How to include custom fields?

letmaik commented 8 years ago

For cases where the spec doesn't define properties, for example, how to express certain statistical information, how should these be included in a custom extension-like way?

I don't really like the way of having a separate container like "properties" or "extensions", it feels a bit heavyweight.

How about forcing a certain naming scheme for custom properties? Like browser vendors do for CSS fields.

For example:

  "observedProperty" : {
    "label" : {
      "en": "Sea surface temperature daily mean"
    },
    "uor_statisticalMeasure": "http://www.uncertml.org/statistics/mean",
    "uor_statisticalPeriod": "P1D"
  },

So the requirement would be to have an arbitrary prefix (identifying the organization/person that created the custom property) followed by a underscore followed by the actual property name. If it gets included in the spec, then people would transition to the official names, maintaining compatibility in their clients to the custom name. Since we use camel case everywhere, those custom properties would not collide with anything.

jonblower commented 8 years ago

Looks like a reasonable plan

letmaik commented 8 years ago

I'm not convinced yet, I think people don't want to use prefixes like that, especially for cases when such custom fields never make it into an "approved" spec. They would always be second-class citizens which should not be the case.

So... how about looking at it from a software library dependency management point of view.
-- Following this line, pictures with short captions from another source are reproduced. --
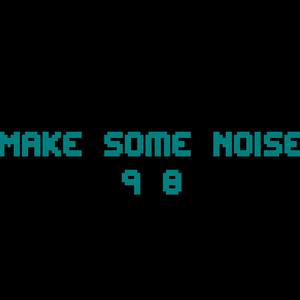 Make Some Noise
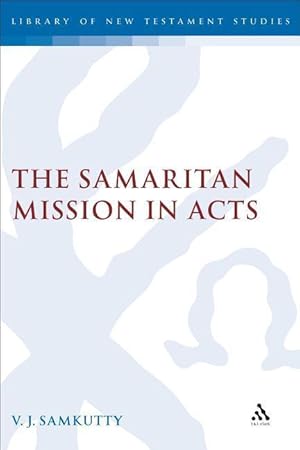 Image du vendeur pour Samkutty, V: Samaritan Mission in Acts mis en vente par moluna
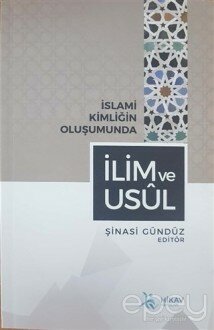 İslami Kimliğin Oluşumunda İlim ve Usul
Let's say everyone is allowed to define an extension (bunch of properties etc.) and publish that somewhere, maybe github. Each extension is versioned and each version has a URI (which should be a resolvable URL), like https://github.com/Reading-eScience-Centre/stats-for-covjson/releases/tag/0.1.0

How could someone express that they are using that extension in a CovJSON document? I would say this is what profiles are for:

{
  "type" : "Coverage",
  "profiles": ["GridCoverage", "https://github.com/Reading-eScience-Centre/stats-for-covjson/releases/tag/0.1.0"],
  ...
}

So maybe GridCoverage etc. are not really profiles after all? Maybe it really is something like "coverageType" and "domainType". And maybe, the basic CovJSON structure itself is just a profile:

{
  "profiles": ["http://coveragejson.org/1.0", "https://github.com/Reading-eScience-Centre/stats-for-covjson/releases/tag/0.1.0"],
  "type" : "Coverage",
  ...
}

I would even go so far as to take the profiles apart, turn it into an object and make version handling easier:

  "profiles": {
    "http://coveragejson.org": "1.0",
    "https://github.com/Reading-eScience-Centre/stats-for-covjson": "1.0"
  }

If you then require extensions to follow semantic versioning, then it is easy for clients to know which versions they understand (e.g. if they have support for 1.0, then they will understand 1.1 as well, just not all the new features, but 2.0 would be breaking).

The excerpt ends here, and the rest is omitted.